0
votes

I currently have multiple datasets within a project and I would like to know if there's a way to know at one go what are the tables that are not updated in the last 90 days which means it falls under the long term storage bucket in bigquery. Is there some sql syntax for this?

Thank you

1
thanks, I'm actually looking for more elaborate results, since I have for example 50 datasets with 20 tables each, I would have to check each dataset by 1 by 1. If there will be any way to check all tables in all datasets at once to know their size and when it was last modified - Justine

1 Answers

1
votes

Not SQL but a possible solution is using the bqtool. Describing a table will return the number of Long Term Storage bytes (numLongTermBytes):

$ bq show --format=prettyjson dataset.table
...
  "kind": "bigquery#table", 
  "lastModifiedTime": "1534845362446", 
  "location": "US", 
  "numBytes": "56", 
  "numLongTermBytes": "56", 
  "numRows": "3", 
... 

Therefore, you can extend it to list all tables in each dataset and get the desired information from each. Based from this I did a quick example:

#!/bin/bash

project=PROJECT_ID
dataset=DATASET_NAME
max_results=100

# get list of tables
tables=$(bq ls --max_results $max_results "$project:$dataset" | awk '{print $1}' | tail -n +3)

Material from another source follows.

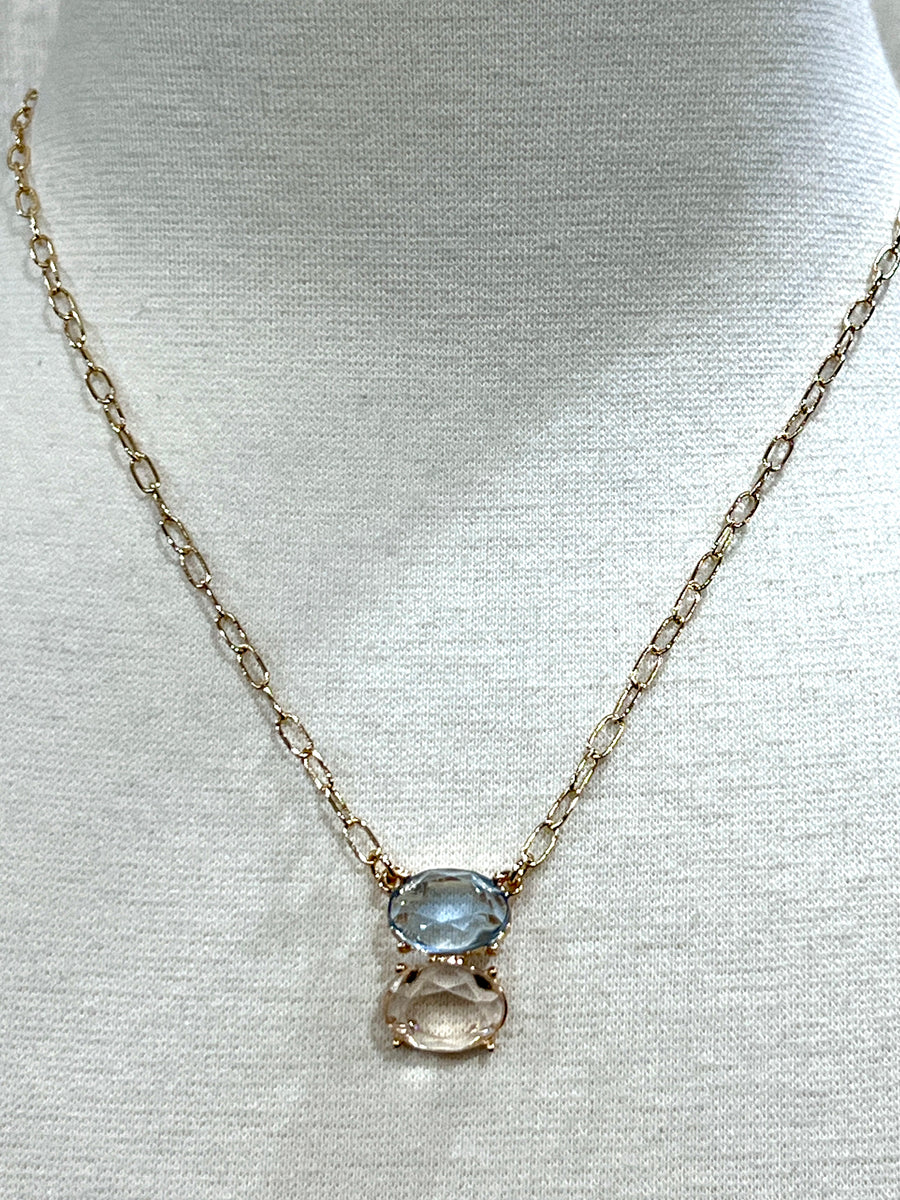 Meghan Browne Dulla Blue/Clear Gold Necklace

# get LTS bytes for each table
for table in $tables
do
    printf '%-35s %-50s\n' "$table" "$(bq show --format prettyjson $project:$dataset.$table | grep numLongTermBytes)"
done

and you'll get an output similar to:

Dfp                                   "numLongTermBytes": "0",                        
SO_55506947                           "numLongTermBytes": "144",                      
SO_55506947_bis                       "numLongTermBytes": "144",                      
a                                     "numLongTermBytes": "7",                        
a1                                    "numLongTermBytes": "399",                      
aaa                                   "numLongTermBytes": "8",                        
adaptive                              "numLongTermBytes": "1085",                     
adaptive_view                         "numLongTermBytes": "0",                        
audience_segment_map_exp_test         "numLongTermBytes": "300",                      
b                                     "numLongTermBytes": "7", 
...